Former Saints head coach Sean Payton recently revisited that draft-night sequence of events. He revealed just how close New Orleans was to landing the quarterback who would become the face of a dynasty.
The Saints were picking at No. 11 and felt confident about how the board was falling. As Payton explained, Buffalo was on the clock at No. 10, and New Orleans had narrowed its focus to two players: Mahomes and cornerback Marshon Lattimore.
The team drafting just ahead of Buffalo had made its selection. Neither Mahomes nor Lattimore was taken. That made the Saints confident that they were guaranteed one of the two.
“When you’re picking two away, you better have two you like,” Payton said. “And those were our two.”
Then came the announcement that there had been a trade. What caught Payton’s attention wasn’t the deal itself, but who had made it. “As soon as they said the Chiefs, I turned to Mickey Loomis and said, ‘There goes Mahomes.’ I just knew Andy,” said Payton.
That “Andy” was Andy Reid, a coach Payton respected and knew had a keen eye for quarterback talent. The Chiefs had jumped from No. 27 to No. 10, leapfrogging New Orleans to secure their future franchise passer.
“If both were available?” Payton admitted. “It was going to be Patrick.”
Instead, Kansas City walked away with the quarterback who went on to win MVP awards and Super Bowls. The Saints pivoted and selected Lattimore at No. 11. While the immediate sting of missing Mahomes was real, they managed to haul an impressive array of talent from the draft class.
Lattimore won Defensive Rookie of the Year. The Saints also landed right tackle Ryan Ramczyk and safety Marcus Williams early in the draft. In the third round, they selected running back Alvin Kamara, who captured Offensive Rookie of the Year honors, along with pass rusher Trey Hendrickson and linebacker Alex Anzalone.
“It was Lattimore, it was Ramczyk, it was Marcus Williams, and then in the third it was Kamara, Hendrickson, and Anzalone,” Payton said. “We couldn’t pay them all. It was remarkable. And all of them loved football.”
That 2017 class helped extend the Saints’ championship window during the final years of Drew Brees’ career and kept New Orleans among the NFC’s elite. Kamara became the offensive engine. Lattimore anchored the secondary. Hendrickson developed into a premier edge rusher.
It was a draft haul most franchises would celebrate without hesitation. However, the quarterback position defines eras.

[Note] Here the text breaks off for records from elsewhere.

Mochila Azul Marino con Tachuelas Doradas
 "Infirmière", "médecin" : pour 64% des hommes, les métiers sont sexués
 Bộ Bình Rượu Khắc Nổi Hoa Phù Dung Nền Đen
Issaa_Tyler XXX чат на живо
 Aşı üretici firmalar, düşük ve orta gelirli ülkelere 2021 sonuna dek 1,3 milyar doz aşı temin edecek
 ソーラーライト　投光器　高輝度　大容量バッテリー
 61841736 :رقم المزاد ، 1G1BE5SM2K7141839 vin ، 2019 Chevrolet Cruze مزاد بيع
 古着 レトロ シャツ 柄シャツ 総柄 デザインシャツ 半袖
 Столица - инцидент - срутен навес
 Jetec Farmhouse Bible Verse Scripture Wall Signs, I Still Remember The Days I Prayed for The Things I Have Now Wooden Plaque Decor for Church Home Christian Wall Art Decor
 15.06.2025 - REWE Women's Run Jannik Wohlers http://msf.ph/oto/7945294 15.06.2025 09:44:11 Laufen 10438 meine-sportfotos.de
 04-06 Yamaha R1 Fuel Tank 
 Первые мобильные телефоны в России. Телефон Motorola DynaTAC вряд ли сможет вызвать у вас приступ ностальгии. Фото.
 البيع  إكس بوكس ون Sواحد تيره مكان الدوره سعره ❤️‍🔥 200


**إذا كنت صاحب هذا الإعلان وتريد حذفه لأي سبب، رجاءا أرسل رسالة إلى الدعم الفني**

Payton has previously called Mahomes the best college quarterback he ever evaluated. He had spent a full day on campus at Texas Tech during the pre-draft process. The Saints were convinced by the talent, the personality, and the competitiveness. But once their interest became known, Kansas City acted aggressively, and New Orleans was left adjusting on the fly.
In the years since, the Chiefs built around Mahomes and sustained championship contention. The Saints, meanwhile, transitioned out of the Brees era, still searching for long-term stability under center.
While their 2017 draft remains a model of roster construction, the near-miss at quarterback stands as one of the most consequential moments in franchise history. New Orleans found stars that night. The Chiefs found a generational quarterback. And nearly a decade later, the Saints are still chasing the franchise signal-caller who slipped away.